Environmental health director led progressive programs, resigned after mysterious investigation
A San Francisco public health official, who's earned national recognition in his field for launching progressive environmental health initiatives, announced his resignation in late December under bizarre circumstances.
Dr. Rajiv Bhatia, who served as director of environmental health, left his employer of 17 years after being subjected to a months-long internal investigation he described as baseless.
Once the Department of Public Health concluded its inquiry, Bhatia faced no charges of misconduct. He resigned after securing a settlement agreement, under which the city paid him $155,000.
In an open letter circulated to colleagues and reporters, Bhatia announced he was leaving and commented on an internal cultural shift he said had impeded his work, which examined the health consequences of air pollution, poor housing conditions, low-wage employment, and disparities in life expectancy by neighborhood, among other things.
"Unfortunately, changes in the Department's organization and culture no longer support my pursuit of vigorous and community-oriented public health regulation and advocacy," Bhatia wrote.
"I understand that the new leadership may not share my broad vision of environmental public health," he went on, referencing a 2010 leadership transition in which Director Barbara Garcia took the reins from former department chief Mitch Katz. "Yet, it is deeply disconcerting that they chose to subject me to an aggressive and public investigation into groundless allegations."
Colleen Chawla, deputy director of the health department, said she was prevented from commenting on Bhatia's resignation or statement, because the issue constituted a personnel matter.
Bhatia spearheaded a series of innovative programs that went beyond the scope of conventional public health practices.
"Rajiv was doing pioneering work," said Larry Adelman, co-director of documentary filmmaking company California Newsreel and producer of "Unnatural Causes," a four-part PBS series on health inequity.
"He was concerned with closing the growing gap between health outcomes," Adelman said, noting that the poor have a lower life expectancy on average than those with higher incomes. "I know other public health departments were looking to his work and trying to learn from him."
Bob Prentice, who served as DPH deputy director until 1999, sounded a similar note, saying Bhatia's environmental health work was based on the idea that "fundamental inequalities in life produce inequities in health."
Bhatia's departure is only the latest in a series of resignations submitted over the last year or so, causing some to question whether Garcia's philosophy or management style triggered the departure of more than a half-dozen high-ranking health department staff members.
"Is this about a management culture that wants to suppress the kinds of things Rajiv has represented?" Prentice wondered.
The environmental health director first learned he was under investigation in June, when he returned after a vacation only to learn he'd been locked out of his office.
"They finished doing their investigation in August," Bhatia explained in a recent phone interview. "I was removed from all roles. They refused to allow me to go back to my work."

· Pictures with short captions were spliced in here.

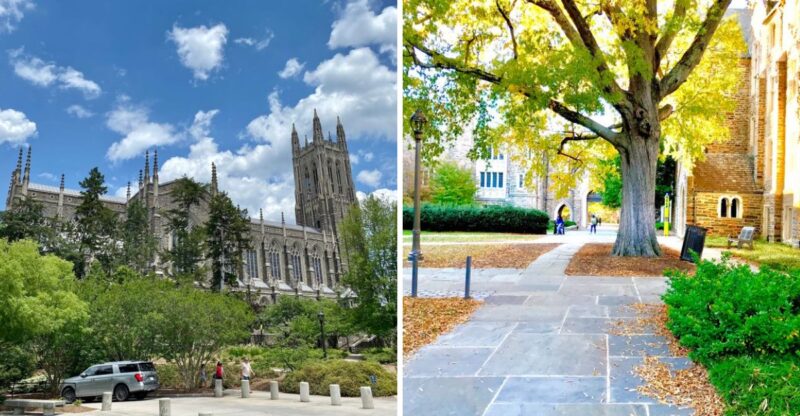 This North Carolina University Has Harry Potter-Like Corridors, Stunning Fall Trails, And A World-Famous Lemur Sanctuary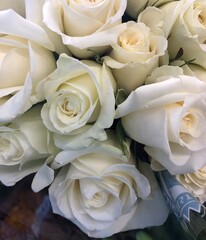 bouquet of white roses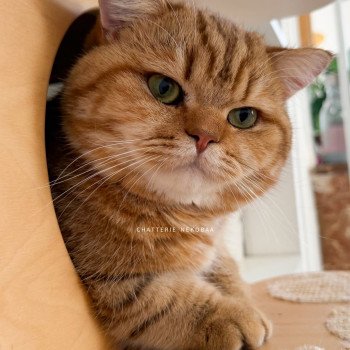 chat British Shorthair chocolate golden blotched tabby Obrass Chatterie Nekobaa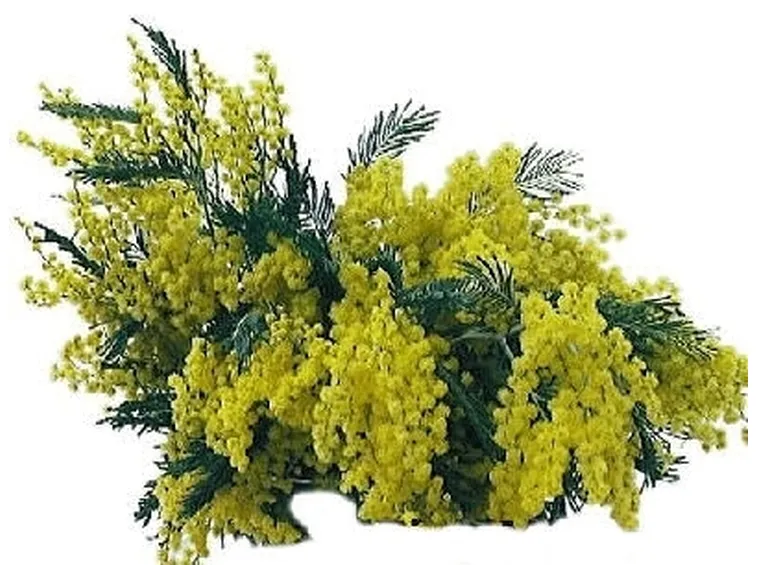 spedizione fiori per festa della donna-4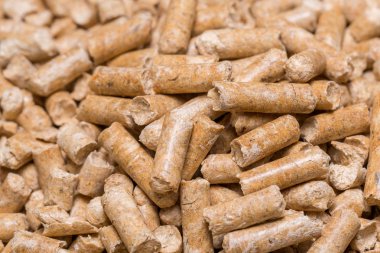 Kedi evde beslenen hayvan hayvan tuvalet için yakın çekim makro filler. Ahşap talaş egology temiz, hiçbir koku house için preslenmiş hayvan tuvalete gider.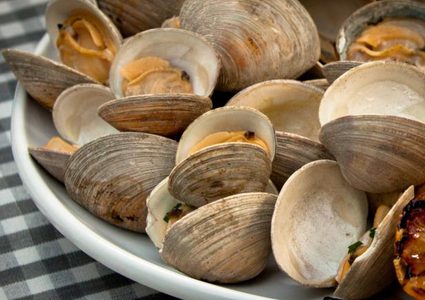 الزنك مضاد للإنفلونزا.. تعرف عليه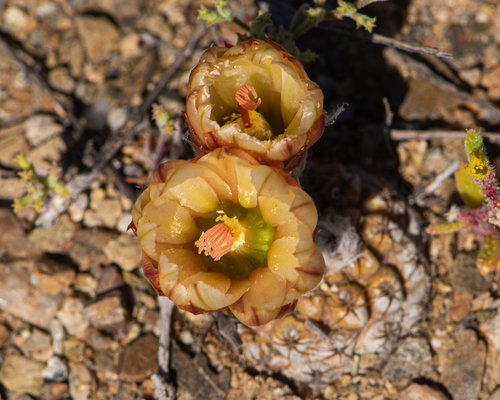 Eriosyce glabrescens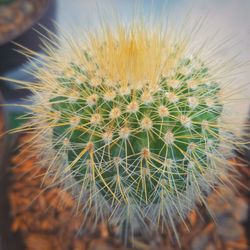 Close-up of dandelion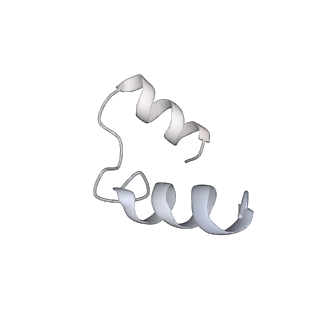 14587_7zbn_E_v1-0
Cryo-EM structure of the human GS-GN complex in the inhibited state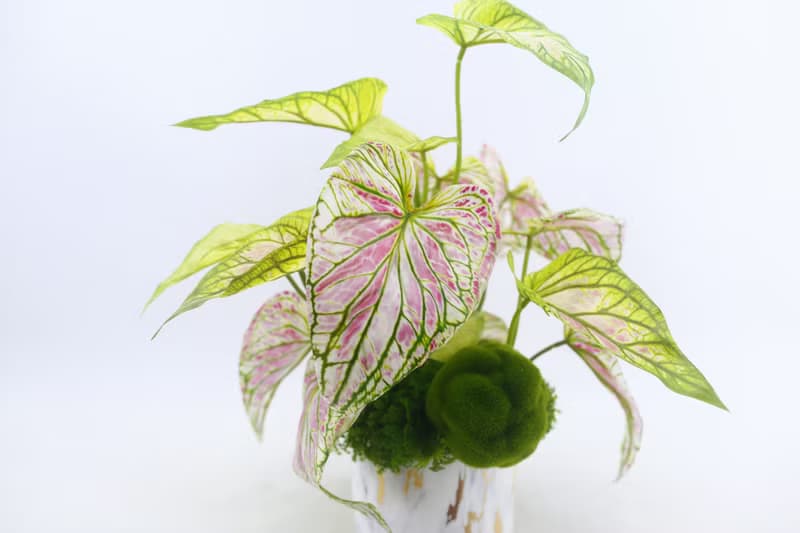 特級擬真彩葉芋觀葉盆栽/入厝禮/開幕/喬遷/送禮/植栽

Instead, he says he was directed to work on "trivial special assignments" that had little to do with the goals of the Program on Health Equity and Sustainability, which he'd created.
Bhatia says he still has not been told exactly what city officials hoped to find when they initially placed him under investigation, or what the allegation was. But based on the questions they asked him, "it appears what they were investigating was a program ... initiated by a mayor's executive directive," he said, referencing a food policy directive initiated under former Mayor Gavin Newsom.